From there, it was downhill. Warren Bradley, the local Liberal Democrat leader, and Sarah Jennings of the Green Party made similar self-justifying speeches. Blame lies with the Tories, doing what we can to protect people, etc ad nauseum. Jennings even told the crowd that we would have to accept the need for cuts at present, which led to a hail of boos and chants of "off, off." At which point scolding people for not accepting this reality wasn't the smoothest move.
But, to show just how backwards the whole charade was, the Lord Mayor reminded us that we needed to maintain a united front. Again, how uniting across class lines with those wielding the axe was preferable to working class unity against those in power remains to be explained.
But then, as ever, those who call for "unity" only support it when it's on their terms and under their mantle.
As if to prove the point, Joe Anderson closed the rally by calling for people to stand together and slagging off everyone who disagreed with what he was doing. Particularly surreal was his telling hecklers that "the fightback in Liverpool started before you even got here," before closing with "the fightback starts now!" Gotta love consistency, eh?

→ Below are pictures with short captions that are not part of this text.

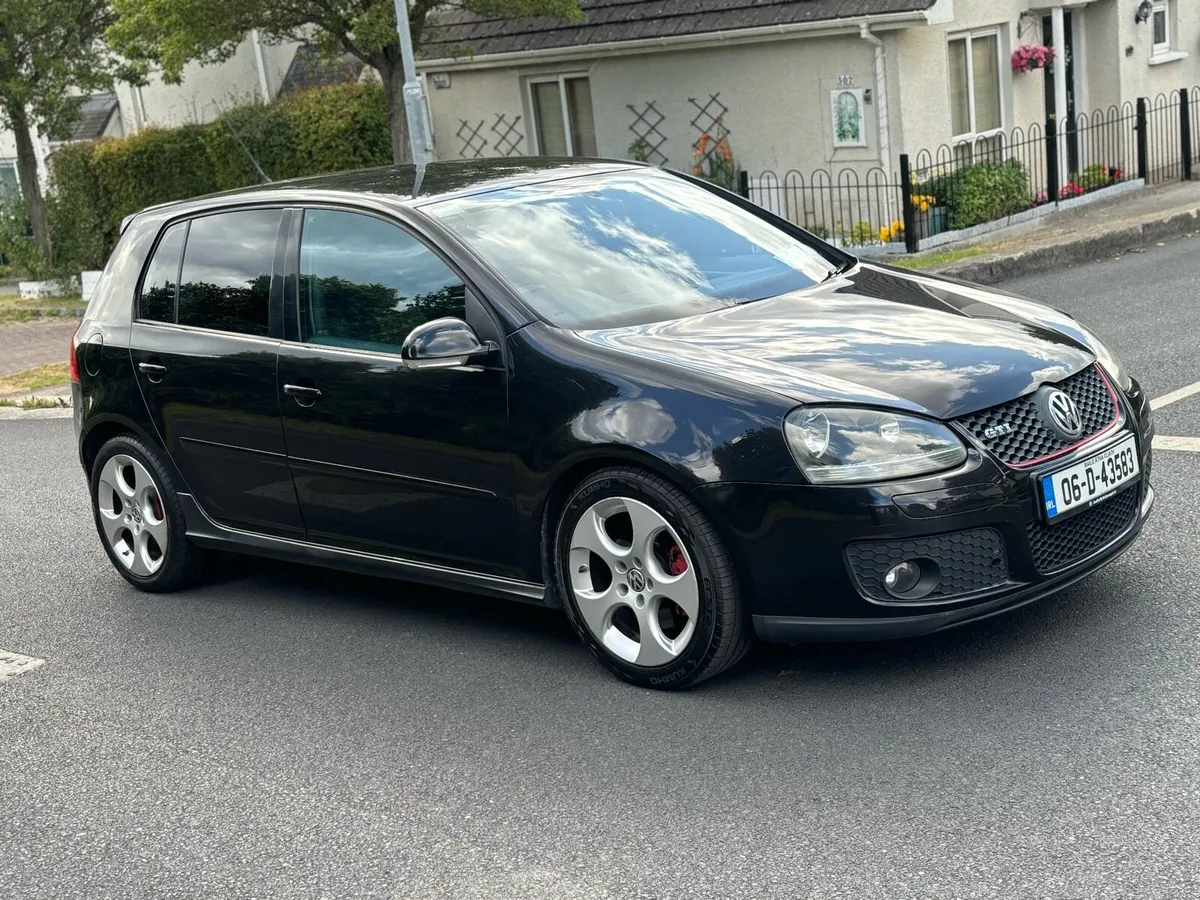 MK5 GTI 2006 NCT24-08-25 2L - Image 1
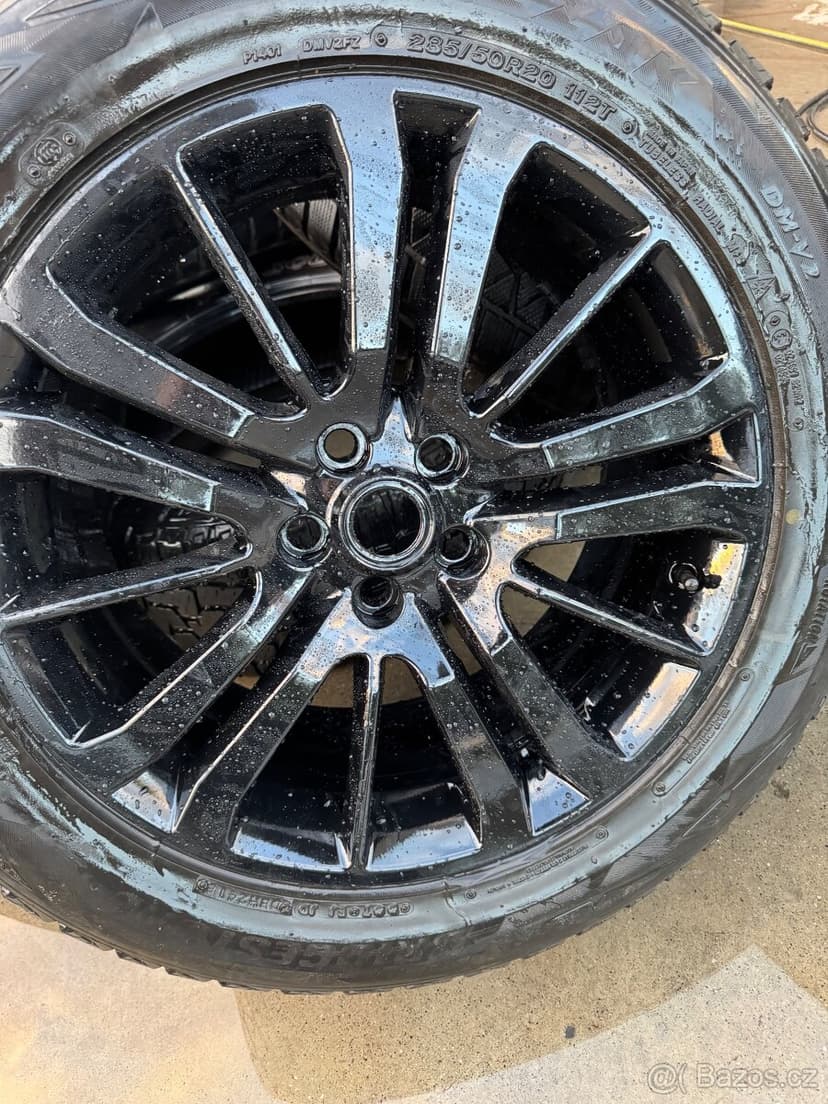 Alu kola, Range Rover 20”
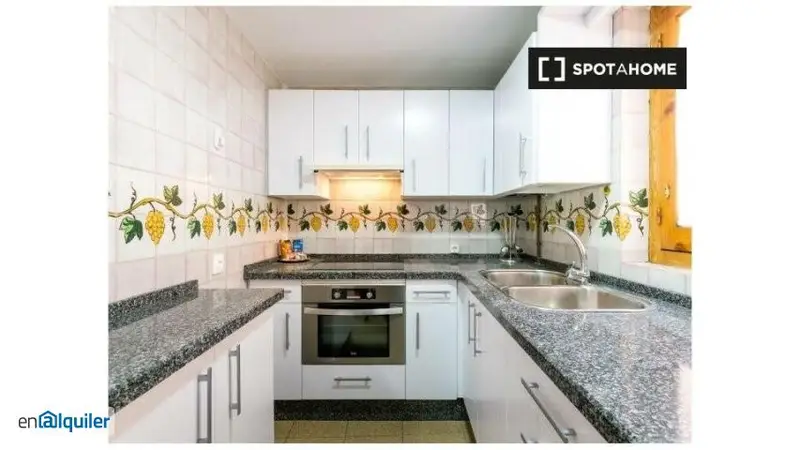 Apartamento 2 Dormitorios Centro Sevilla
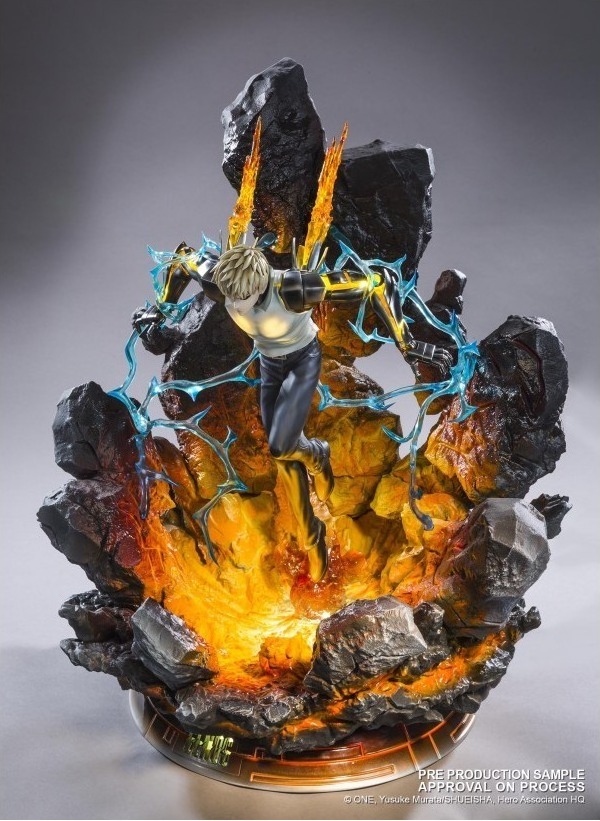 Statuette Genos - HQS  - AUTRES FIGURINES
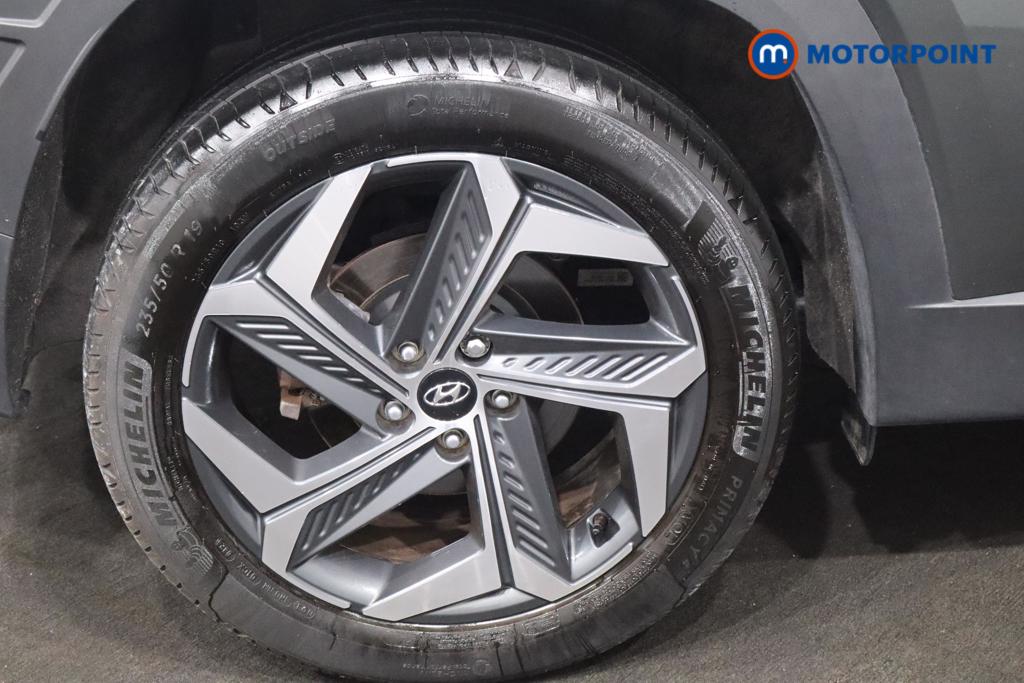 Hyundai Tucson Premium Automatic Petrol-Electric Hybrid SUV - Stock Number (1584652) - 18th supplementary image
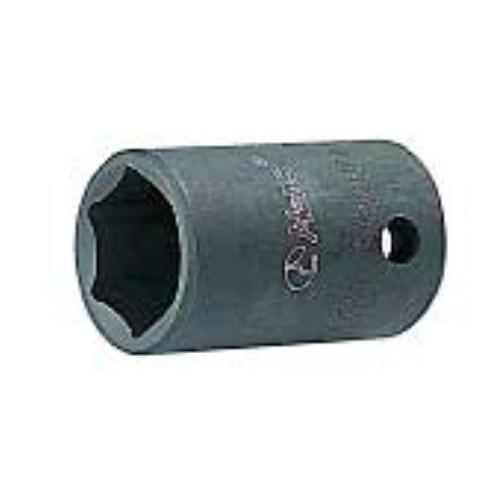 HANS. Головка ударная 1/2"DR, 21мм (тонкая стенка) (84404M-21) (84404М21)
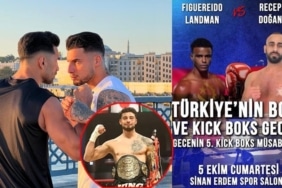 İstanbul'da cumartesi akşamı adrenalin dolu gece boks severleri bekliyor
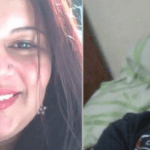 vítima e agressor
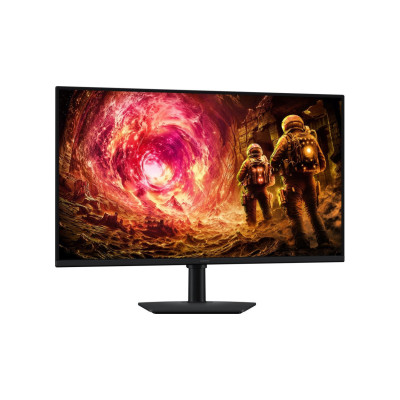 Samsung Монітор 32" Odyssey G502F HDMI, DP, IPS, 2560x1440, 180Hz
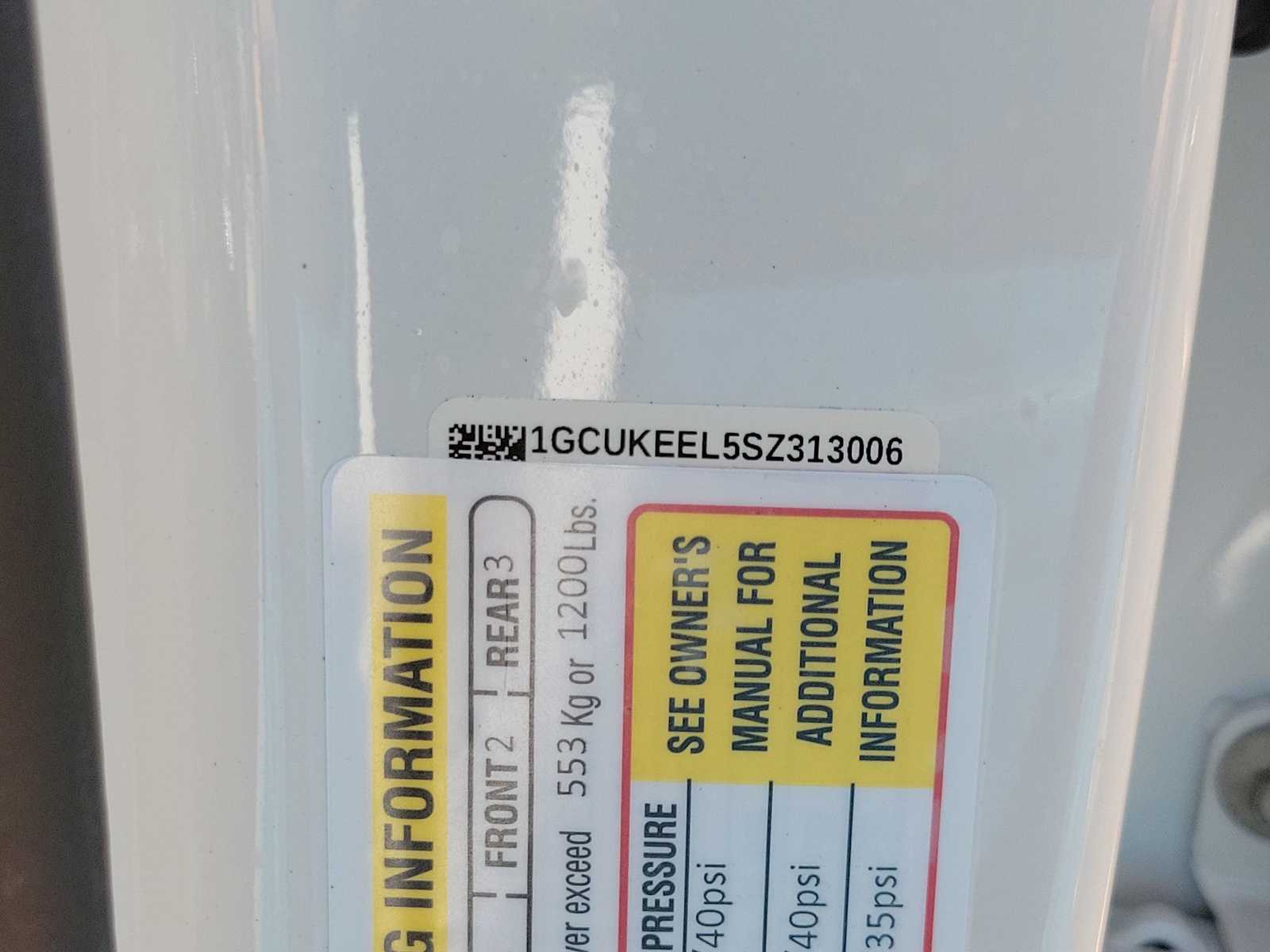 Thumbnail: 2025 Chevrolet Silverado 1500 - 21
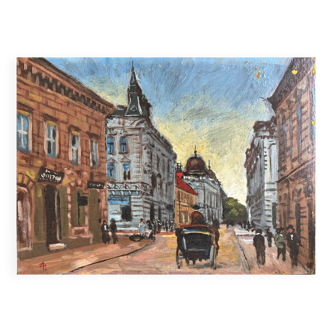 Rue de Paris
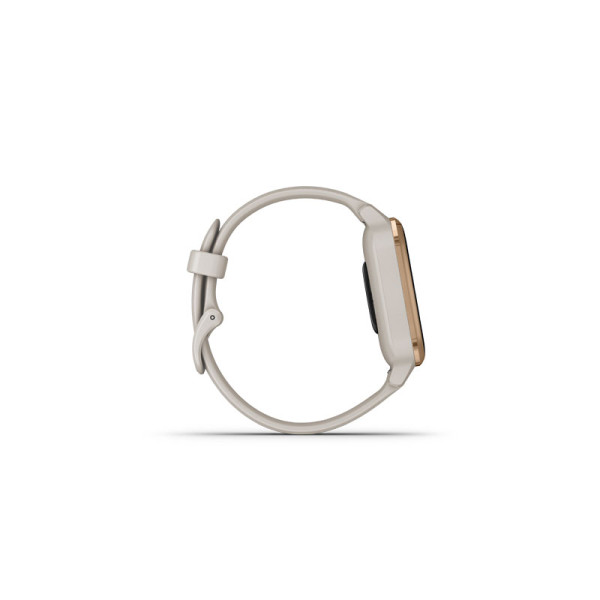 GARMIN FITNESS VENU SQ MUSIC L.SAND/R.GOLD
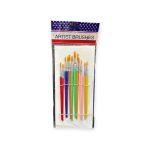 Set 12X Pensule Pentru Pictura, Engross
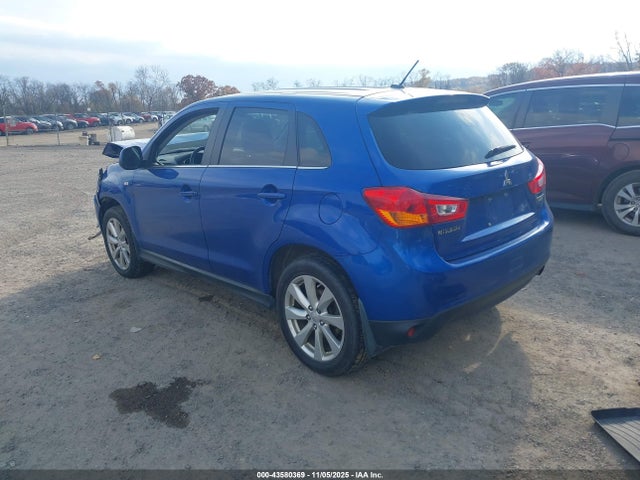 2015 MITSUBISHI OUTLANDER SPORT 4A4AR4AU4FE042758 Photo 2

Immediately afterwards, there was an attempt to have an alternative podium. However, one megaphone was no match for the council's PA system (wonder how much of the budget that took?), and it attracted a much smaller crowd. It was nothing like
Manchester on the 19th January, where the bureaucrats and career politicians could be in no doubt that the rank-and-file had vociferously rejected them. Here, it was largely acceptance. Joe Anderson and Warren Bradley got their set-piece victory.
It may be the case that this was a one-off. The politicians have had their photo opportunity and kept up pretences for electoral purposes and can now retreat to make working class peoples' lives so much harder and miserable. But if it is not, and they call another demonstration, much more organisation needs to go into derailing their big moment and arguing for people to lead their own struggles rather than looking to leaders. As satisfying as it was to see Anderson's jowls shudder in anger as we heckled him, it achieved nothing.
Until people like him are, as Aaron Porter was, driven away from the demonstrations altogether, working class militancy will be suffocating under their dead weight.